Padraig Harrington took his August earnings to a cool $1.3m at The Barclays and set his sights on a $10m FedEx Cup delivery.

The Dubliner continued his amazing turnaround in form when he snatched a share of second place behind shock winner Heath Slocum in the first event of the PGA Tour’s megabucks play-off series.

Sunday’s tie for second with Tiger Woods, Ernie Els and Steve Stricker was the 33rd runner-up finish of Harrington’s career, boosting him from 66th to 14th in the FedEx Cup points race.

But Harrington only has eyes for victory these days and a win in this week’s Deutsche Bank Championship at TPC Boston would give the Dubliner a great chance of pocketing the $10m pay-off for the top points winner after the season-ending Tour Championship in Atlanta from September 24-27.

Up two places to ninth in the world, Ireland's triple major winner is far from frustrated with his recent near misses, explaining: “I'm happy enough to be pushing along. I know wins will come along. If I don't win this week, maybe next week. That's the way it is.

“It's nice to be in contention. It's nice to play better as I got more in contention. That's always a good sign. My focus is better, I hit the ball better.
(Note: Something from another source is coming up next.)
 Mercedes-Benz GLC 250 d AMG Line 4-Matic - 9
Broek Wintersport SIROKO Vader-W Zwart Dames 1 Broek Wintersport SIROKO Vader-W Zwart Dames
Coming down the stretch, that's exactly where I want to be.”

Despite changing missed cuts for title charges, refused to get carried away by the dramatic turnaround in form that has seen him follow the worst seven months of his career with three successive top drawer performances.
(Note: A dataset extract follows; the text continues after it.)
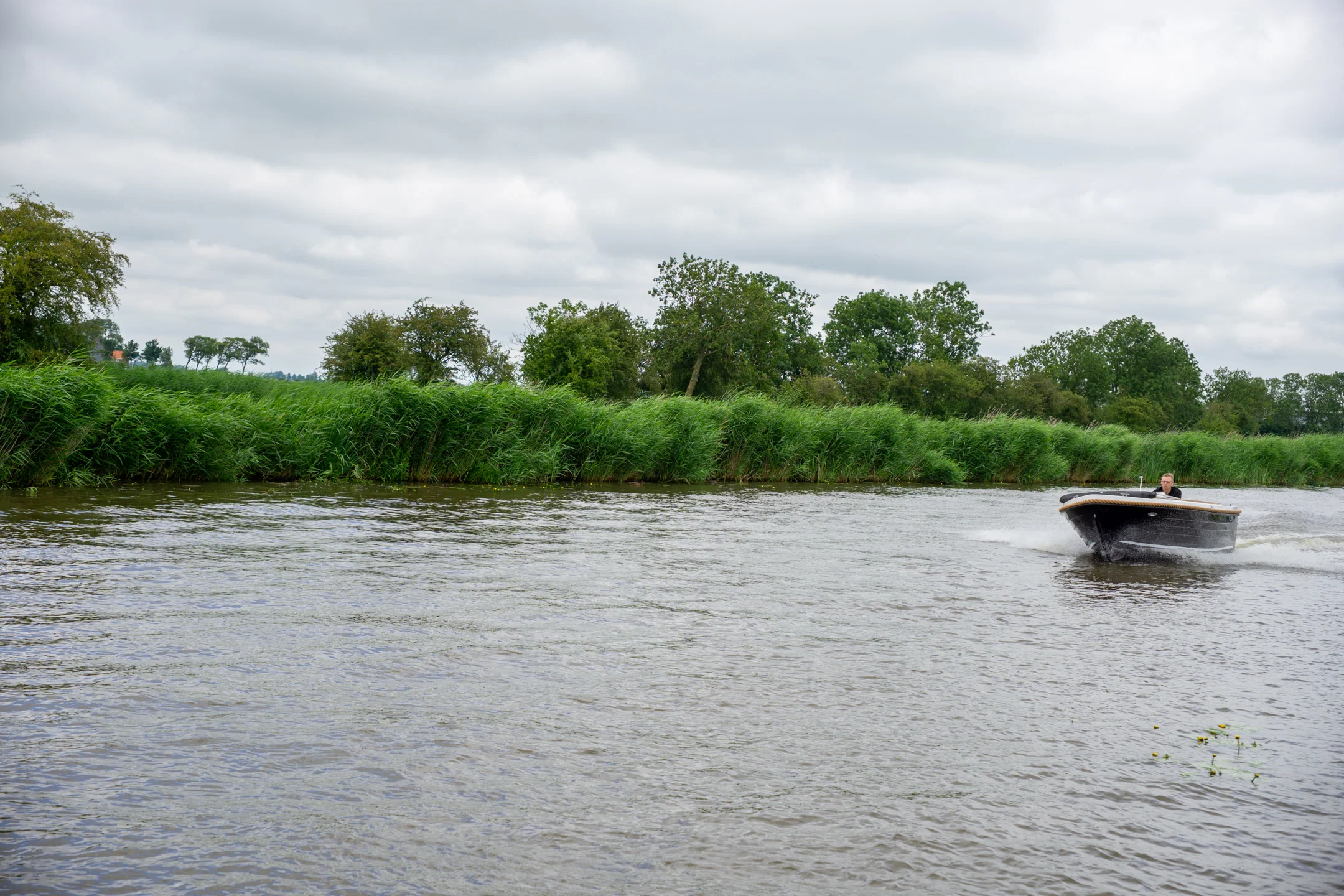 Marinaut 540 sloep / Reitdieper 530 XL - Image 132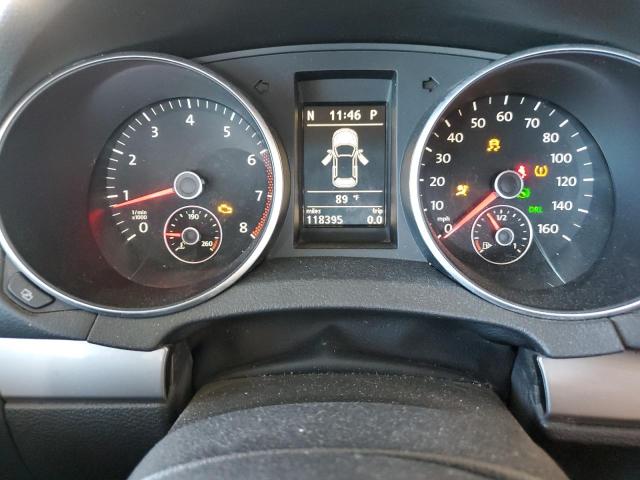 WVWDB7AJ9CW236675 - 2012 VOLKSWAGEN GOLF 灰色 照片 9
Pleased with his last two weeks, he said: “It's only two tournaments. I think the first six months, that was frustrating.”
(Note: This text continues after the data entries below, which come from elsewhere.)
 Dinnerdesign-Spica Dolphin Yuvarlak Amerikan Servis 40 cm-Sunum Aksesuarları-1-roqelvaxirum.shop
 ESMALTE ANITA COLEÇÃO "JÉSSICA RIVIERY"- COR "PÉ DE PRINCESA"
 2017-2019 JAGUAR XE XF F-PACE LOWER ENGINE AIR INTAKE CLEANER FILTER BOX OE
Second in the Bridgestone Invitational ($665,000) and tenth in the US PGA ($150,633), Harrington pocketed $495,000 at Liberty National to take his August earnings over the million dollar mark.

He celebrated his 38th birthday in New York on Monday by attending the first day of the US Open tennis at Flushing Meadows as a guest of his sponsors Citizen.

And he revealed that the key to playing so well in recent weeks has been keeping on an even keel.

He said: “It was the change in my mindset that helped me to turn my form around, by getting myself more into my routines and target I felt so much better on the course.

“I was much happier as well; I wasn’t getting annoyed at myself for hitting a poor shot.”

But as Harrington appears to get better and better, world No 1 Woods is becomingly increasingly frustrated by his lack of form on the greens.

Could the American appears to be feeling the pressure as he approaches Jack Nickalus’ record of 18 major titles? His putting is certainly letting him down when it counts.

He failed to putt well in the Masters or the US Open and it was a similar story at the US PGA, where Korea’s YE Yang took advantage to became the first Asian-born major winner.

On Sunday Woods missed a seven footer on the 18th that would have given him the clubhouse lead and forced Stricker or Slocum to birdie the last for victory. He missed and Slocum made a 20 footer for par to win.

Shrugging off Woods' miss as the law of averages, Slocum said: “Usually he makes it. I guess you can't make 'em all.”

But it appears that Woods can’t make any of the big putts that count while Harrington has become the game’s top clutch putter.

The 14 footer he holed on the 18th on Sunday was the latest in a long list of top putts under pressure and if he can keep up the form he has shown over the past month, he is sure to challenge Woods for many majors over the next few years.

Right now he’s happy to concentrate on denying the world No 1 the FedEx Cup millions

He said: “I know that I need to win at least two of the four FedEx Cup tournaments to have a chance of winning it. The best way for me to do this is to get myself into contention on Sunday.”

Woods is still top of the FedEx Cup standings and has committed to playing the three remaining play-off events.